LANDSVERORDENING, regelende het vervoer van personen met zeil- of motorschepen, alsmede de aan dat vervoer verbonden heffing van vergunningsrecht

Artikel 1

Voor de toepassing van deze verordening wordt verstaan onder:

  • a.

    vergunning: een vergunning, als bedoeld in artikel 3;

  • b.

    vergunninghouder: degene te wiens name de vergunning onder a vermeld, is verleend, of diens gemachtigde;

  • c.

    vergunningsrecht: de maandelijkse retributie, verschuldigd voor de afgifte van de onder a bedoelde vergunning;

  • d.

    zeil- of motorschip: elk vaartuig dat door een zeil, motor schip of beiden wordt voortbewogen;

  • e.

    naamlijst: de lijst van namen, geboortedata en -plaatsen, huisadressen en lokale adressen van de personen, te vervoeren met zeil- of motorschip;

  • f.

    [vervallen]

  • g.

    de minister: de Minister van Toerisme, Economische Zaken, Verkeer en Telecommunicatie;

  • h.

    [vervallen]

  • i.

    havenbeheerder: de als beheerder van de binnenwateren en de havens aangewezen ambtenaar, dienst of bedrijf van Sint Maarten dan wel rechtspersoon, opgericht overeenkomstig de bepalingen van Sint Maarten en waarvan Sint Maarten de meerderheid van de aandelen bezit;

Artikel 2

  • 1. Deze landsverordening is uitsluitend van toepassing op de zeil- of motorschepen, welke tegen geldelijke of tegen welke andere vergoeding dan ook, passagiers of charterdiensten onderhouden, hetzij geregeld of ongeregeld, hetzij met dek of slaapaccommodatie, hetzij rond Sint Maarten, in de Simpsonbay Lagoon of naar het buitenland.

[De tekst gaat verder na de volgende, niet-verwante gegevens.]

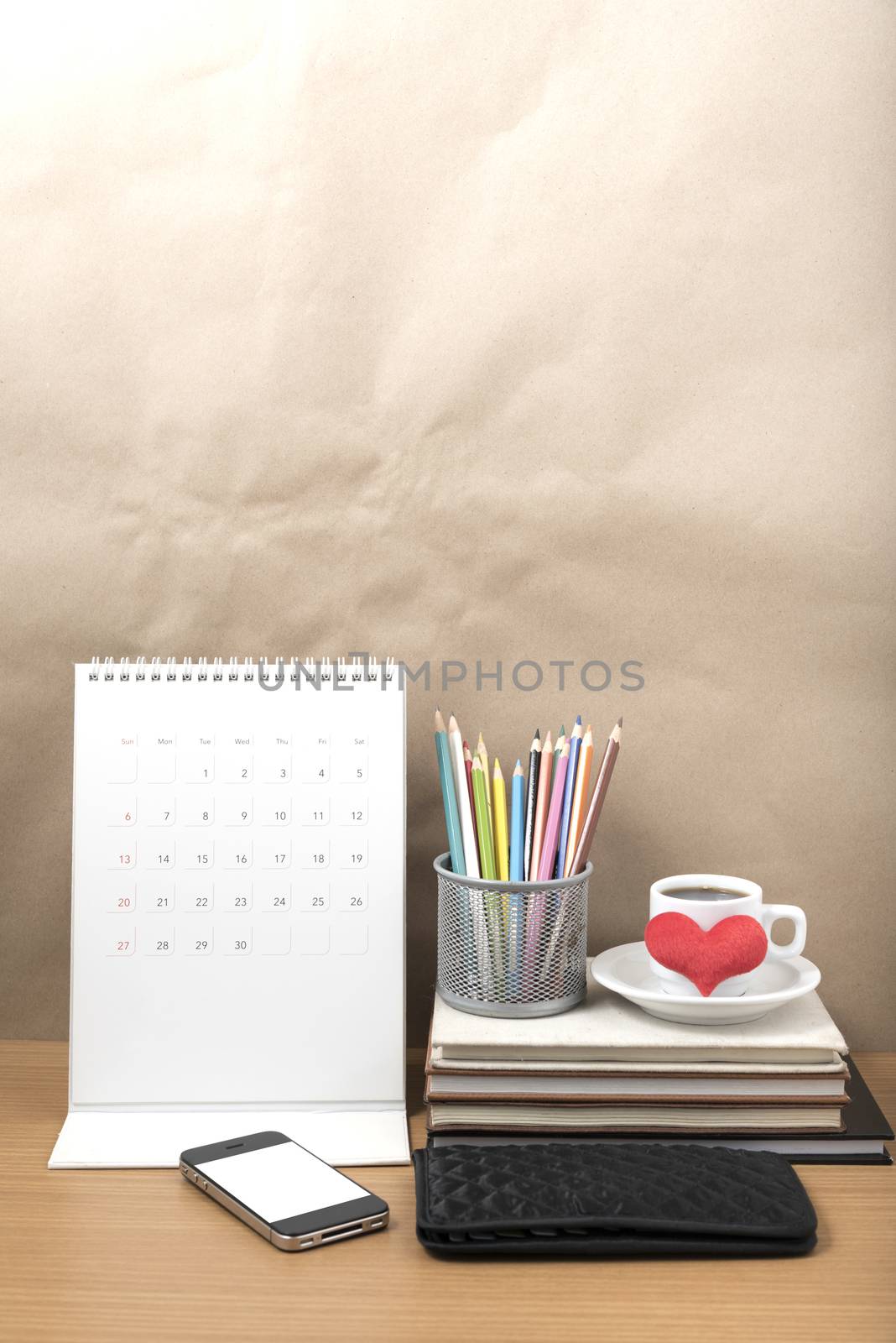 office desk : coffee with phone,wallet,calendar,heart,color pencil box,stack of book,heart on wood background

  • 2. Met het in het eerste lid bepaalde, worden tevens gelijkgesteld de z.g. "bareboat" charters, veerboten (ferries) en daarmee gelijkgestelde soort vaartuigen, alsmede de charters, het vissen ten doel hebbende.

Artikel 3

Het is verboden zonder vergunning van de minister de in artikel 2 van deze landsverordening bedoelde diensten te verrichten.

Artikel 4

  • 1. De aanvraag voor een vergunning geschiedt schriftelijk bij de minister en bevat tenminste de navolgende gegevens:

    • a.

      naam en voornamen, geboortedatum en -plaats, adres en nationaliteit van de aanvrager(s);

    • b.

      in geval de aanvrager een rechtspersoon is, de juridische vorm, naam en zetel van de rechtspersoon, geboortedata en -plaatsen, adressen en nationaliteiten van de bestuursleden;

    • c.

      voor wat betreft de aanvrager, bedoeld onder a, van vreemde nationaliteit, een goed gelijkende pasfoto, alsmede een bewijs van toelating;

    • d.

      de naam van het vaartuig (de vaartuigen), de desbetreffende maten en fabrieksmerk van het vaartuig en het maximum van het aantal te vervoeren passagiers;

    • e.

      indien de aanvrager niet de eigenaar is van het vaartuig, de naam, geboortedatum en -plaats van de eigenaar, alsmede zijn verklaring, dat aanvrager namens hem gemachtigd is het vaartuig te gebruiken, alsmede de aanvrage te doen;

    • f.

      indien de vergunninghouder niet zelf als schipper(s) van het vaartuig (vaartuigen) zal optreden, de namen, de geboortedata en -plaatsen, adressen en nationaliteiten van de schippers en zo nodig de toelatingsbewijzen;

    • g.

      een verzekeringspolis, als bewijs dat de opvarenden (crew en passagiers) verzekerd zijn tegen eventueel op te lopen ongelukken of verlies van leven.

  • 2. Bij landsbesluit, houdende algemene maatregelen, kunnen nadere regels worden gesteld betreffende de wijze van aanvragen van de vergunning.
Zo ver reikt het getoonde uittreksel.